Frequently, the game will place you in a sort of “fixed rail” sequence where a crosshair will appear. Your goal, not surprisingly, is to shoot the things. All of the things. Honestly, these sequences tend to blend into one another, so it’s hard for me to describe them in detail; a few make you stand absolutely still, attempting to defend yourself while you can’t move, but they all function in a similar way regardless of how much the action moves. You simply try to shoot everything using square. However, like Panzer Dragoon (hence the reference up above), placing your cursor over an enemy also locks onto them, or locks onto their many, many body parts depending. Pressing triangle will unleash your accumulated lock-on missiles, thereby dealing a ton of damage.
This is where part of the strategy comes from: the normal ranged attack functions almost identically to the way it does in normal combat sequences, so it performs much of the same function: shoot missiles before they hit you. Enemy unload a ton of projectiles at your character, and you need to have total awareness to avoid your untimely death (not surprisingly, Hard mode exacerbates this significantly). For some of these “on-rail” sequences, you’ll also need to attack enemies in melee range and avoid obstacles, which add additional concerns to the basic shooting on display.
And here’s where I surprise you, and say these parts contain some of the most fun Asura’s Wrath has to offer. They take advantage of the graphical prowess of the game, allow it to show you some exciting sights, and also place you right into the anime-style action. In fact, because of their dynamism, they make the rote action-combat in dull arenas seem rather boring by comparison. As well, they require skill to not die, since getting hit with a ton of enemy projectiles or melee hits (which don’t provide much invincibility time) proves fatal more often than not.

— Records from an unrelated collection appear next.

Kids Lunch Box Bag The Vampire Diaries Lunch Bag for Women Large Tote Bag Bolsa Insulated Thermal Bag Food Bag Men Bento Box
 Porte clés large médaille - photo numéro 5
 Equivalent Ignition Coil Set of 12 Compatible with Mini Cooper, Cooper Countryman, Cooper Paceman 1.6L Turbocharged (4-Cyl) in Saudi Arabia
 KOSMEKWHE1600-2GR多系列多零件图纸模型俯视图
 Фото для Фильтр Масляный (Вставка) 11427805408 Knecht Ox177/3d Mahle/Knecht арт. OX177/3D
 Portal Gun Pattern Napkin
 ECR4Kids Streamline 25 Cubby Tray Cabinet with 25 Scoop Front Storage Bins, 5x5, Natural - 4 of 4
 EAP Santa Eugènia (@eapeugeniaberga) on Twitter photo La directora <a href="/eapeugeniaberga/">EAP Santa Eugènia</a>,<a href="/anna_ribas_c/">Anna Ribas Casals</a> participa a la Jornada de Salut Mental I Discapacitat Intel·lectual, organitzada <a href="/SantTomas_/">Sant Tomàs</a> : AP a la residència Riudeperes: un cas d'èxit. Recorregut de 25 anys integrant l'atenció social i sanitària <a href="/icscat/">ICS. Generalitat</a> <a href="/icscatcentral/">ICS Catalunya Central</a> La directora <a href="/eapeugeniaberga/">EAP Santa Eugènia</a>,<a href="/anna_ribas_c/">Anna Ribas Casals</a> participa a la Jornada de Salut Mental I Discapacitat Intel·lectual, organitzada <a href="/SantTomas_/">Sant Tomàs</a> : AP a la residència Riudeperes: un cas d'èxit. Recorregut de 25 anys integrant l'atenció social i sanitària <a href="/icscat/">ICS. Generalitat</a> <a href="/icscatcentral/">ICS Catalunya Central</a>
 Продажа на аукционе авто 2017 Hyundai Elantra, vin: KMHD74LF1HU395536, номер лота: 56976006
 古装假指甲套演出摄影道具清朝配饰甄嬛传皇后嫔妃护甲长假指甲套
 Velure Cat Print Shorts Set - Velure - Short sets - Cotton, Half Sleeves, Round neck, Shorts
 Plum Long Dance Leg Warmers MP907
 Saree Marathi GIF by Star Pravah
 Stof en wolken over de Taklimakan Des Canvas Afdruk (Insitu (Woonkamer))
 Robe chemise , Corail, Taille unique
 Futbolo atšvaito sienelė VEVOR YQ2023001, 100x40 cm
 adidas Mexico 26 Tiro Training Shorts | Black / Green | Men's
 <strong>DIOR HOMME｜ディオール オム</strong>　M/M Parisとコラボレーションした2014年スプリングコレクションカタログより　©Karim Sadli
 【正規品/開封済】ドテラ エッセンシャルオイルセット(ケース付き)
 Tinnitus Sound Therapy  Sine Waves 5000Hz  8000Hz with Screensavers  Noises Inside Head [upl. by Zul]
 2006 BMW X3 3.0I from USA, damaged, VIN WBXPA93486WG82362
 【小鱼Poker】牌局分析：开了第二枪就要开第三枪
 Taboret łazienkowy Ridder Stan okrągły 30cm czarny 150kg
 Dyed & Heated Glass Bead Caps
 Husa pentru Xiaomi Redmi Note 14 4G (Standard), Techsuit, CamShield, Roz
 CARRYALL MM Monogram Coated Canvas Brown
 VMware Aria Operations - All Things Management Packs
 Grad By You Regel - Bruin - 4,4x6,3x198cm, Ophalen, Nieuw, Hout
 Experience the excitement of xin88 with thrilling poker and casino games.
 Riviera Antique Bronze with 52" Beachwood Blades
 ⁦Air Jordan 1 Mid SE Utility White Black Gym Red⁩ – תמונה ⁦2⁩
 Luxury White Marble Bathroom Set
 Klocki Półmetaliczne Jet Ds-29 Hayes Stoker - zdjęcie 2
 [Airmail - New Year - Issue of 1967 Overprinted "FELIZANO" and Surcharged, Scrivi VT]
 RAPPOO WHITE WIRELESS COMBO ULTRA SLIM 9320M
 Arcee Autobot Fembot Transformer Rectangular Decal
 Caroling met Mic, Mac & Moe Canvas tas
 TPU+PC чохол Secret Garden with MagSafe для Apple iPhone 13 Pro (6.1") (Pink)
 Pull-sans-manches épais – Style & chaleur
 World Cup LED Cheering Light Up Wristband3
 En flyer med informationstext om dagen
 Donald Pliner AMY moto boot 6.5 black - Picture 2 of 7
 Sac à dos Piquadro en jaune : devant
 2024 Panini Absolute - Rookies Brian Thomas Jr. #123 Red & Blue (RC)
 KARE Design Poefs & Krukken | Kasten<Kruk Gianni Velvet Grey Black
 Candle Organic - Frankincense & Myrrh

The problem is, Asura’s Wrath often uses these sequences for transitional purposes in its myriad cutscenes and fight sequences, rather than fleshing them out as a game mode in themselves. Just like every other active “playing” mode in the game, you’re still filling up a Burst Meter so you can press the Burst button and move towards the next story beat. I hate doing this when I’m actually playing a competent game for once, and especially when it pulls you right out of it for some more exposition. Goodness, I’m not sure how this happened, but the non-fighting parts actually turned out the worst of everything Asura’s Wrath has to offer – and it’s supposed to be an anime video game!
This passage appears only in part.